Bastano pochi giorni di lavoro all'anno per essere dichiarati occupati, le statistiche condotte con gli attuali e ricorrenti metodi non fotografano la situazione reale, in Italia i senza lavoro sono ormai sopra l'11% ma se aggiungiamo quanti stanno per terminare gli ammortizzatori sociali e chi ormai disilluso e senza prospettiva non cerca piu' uno stralcio di occupazione, si arriva sicuramente sopra il 20%.

Le statistiche degli occupati e dei disoccupati non sono quindi veritiere, nei fatti il numero dei non occupati sta aumentando vistosamente , eppure la ricchezza prodotta non torna che in minima parte al lavoro dipendente sotto forma di salario e welfare, prende piuttosto la strada della speculazione finanziaria.

Ma nell'universo del capitalismo finanziario crescono anche gli “occupati” non retribuiti, quanti , spesso senza volerlo, contribuiscono a costruire il mercato attraverso la loro partecipazione ai social network, la partecipazione ai sondaggi, fornendo dati che poi vengono studiati e rielaborati, un esercito di riserva ignaro di come venga utilizzato il suo tempo, che in altri contesti presta lavoro semigratuito o volontariato, tutti in ogni caso concorrono alla produzione di ricchezza e da qui scattuisce la rivendicazione del reddito di cittadinanza.

Meglio di noi hanno scritto altri (sulla rivista Effimera on line trovate materiale veramente interessante), ci preme ricordare che ancora oggi una riflessione sulle nuove forme di sfruttamento dovrebbe essere fatta di pari passo con l'analisi giuslavorista e con una visione complessiva del progresso tecnologico e del suo uso ai fini della accumulazione capitalistica, non possiamo perdere di vista cosa leghi tra loro le varie riforme del lavoro che hanno preso corpo nei paesi europei fin dal governo social democratico di inizio secolo in Germania da cui è partita quella cultura dei mezzi lavoro e delle tutele crescenti che in Italia ha dato vita al jobs act.
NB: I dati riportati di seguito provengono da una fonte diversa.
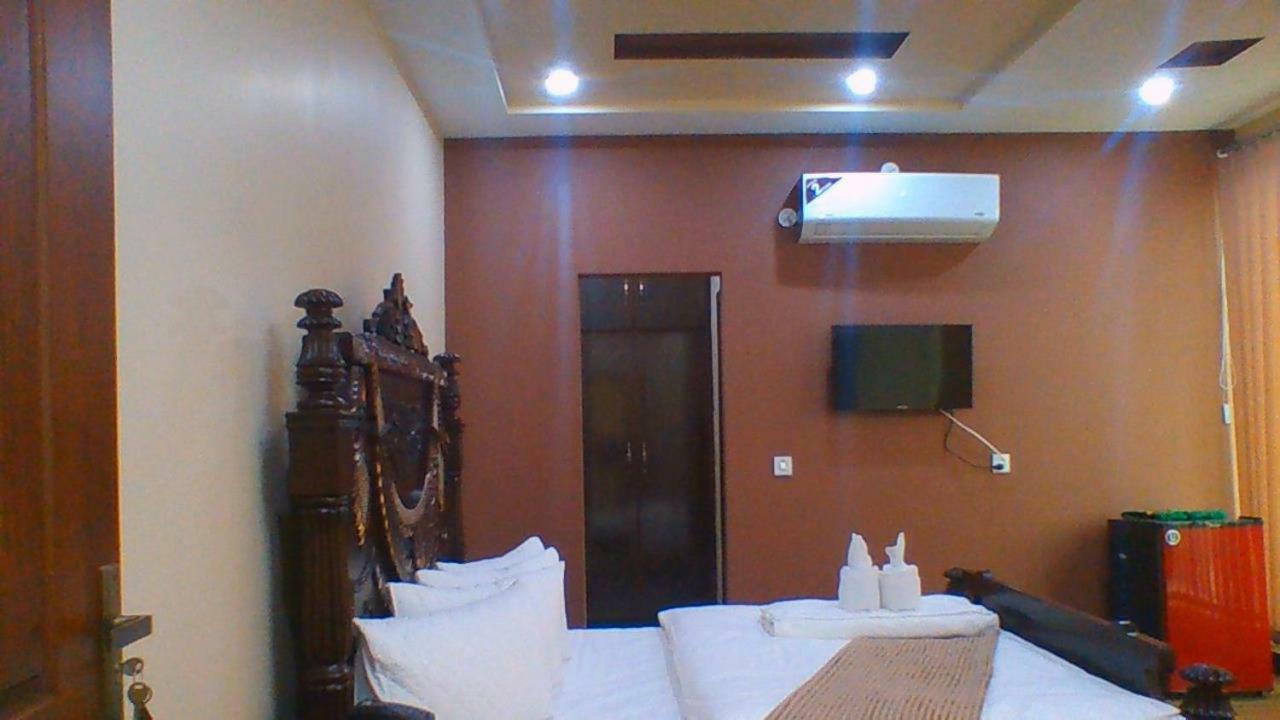Red Roof Hotel Sahiwal Экстерьер фото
Se in Belgio, Germania, Francia, Spagna ed Italia vengono approvati nell'arco di pochi anni leggi sul lavoro guidate dagli stessi principi guida vorrà dire che esiste una governance europea che sta ridisegnando anche la stessa nozione di lavoro e diritto.

La piena occupazione, per tornare alla domanda di prima, non esiste e se un governante ne parla vuol dire che nella sua testa c'è un ambizioso programma, ossia intensificare le forme di sfruttamento e far passare per lavoro cio' che lavoro non è.

La politica degli eventi meriterebbe del resto maggiore attenzione e studi interdisciplinari perché in un colpo solo spazia dall'urbanistica alle relazioni sociali fino al diritto del lavoro.

Ora si tratta di capire se vogliamo smontare questo programma reazionario o se invece preferiamo adeguare la nostra lettura della realtà a celebrare una conquista (quella del reddito) che poi è frutto di un compromesso sociale.

Non pensiamo che si possa apocalitticamente definire superata e archiviata la vecchia dicotomia tra lavoro e non lavoro, il reddito di cittadinanza diventa una sorta di nuovo compromesso socialdemocratico non piu' all'ombra dello stato, merce di scambio che definire riappropriazione di ricchezza negata ci pare fin troppo ardito.

Piuttosto il reddito puo' diventare la tacita ammissione che un rovesciamento in senso socialista della realtà non è all'orizzonte e al suo posto nascono teorie "in comune" per riprendersi una piccola parte delle ricchezze che da 30 anni vanno a solo beneficio del capitale, una piccola riappropriazione che fa cantare vittoria ma potrebbe presto dimostrarsi come supina accettazione di forme di sfruttamento sempre piu' intensivo del capitale.

Ovviamente per noi ben venga il reddito di cittadinanza ma non vorremmo trasformare il nuovo compromesso sociale in conquista rivoluzionaria condita con parole e concetti "cognitivi" oscuri ai più e a mo' di giustificazione teorica di quel cognitivo compromesso che un tempo avremmo definito con altre parole: riformista e social democratico.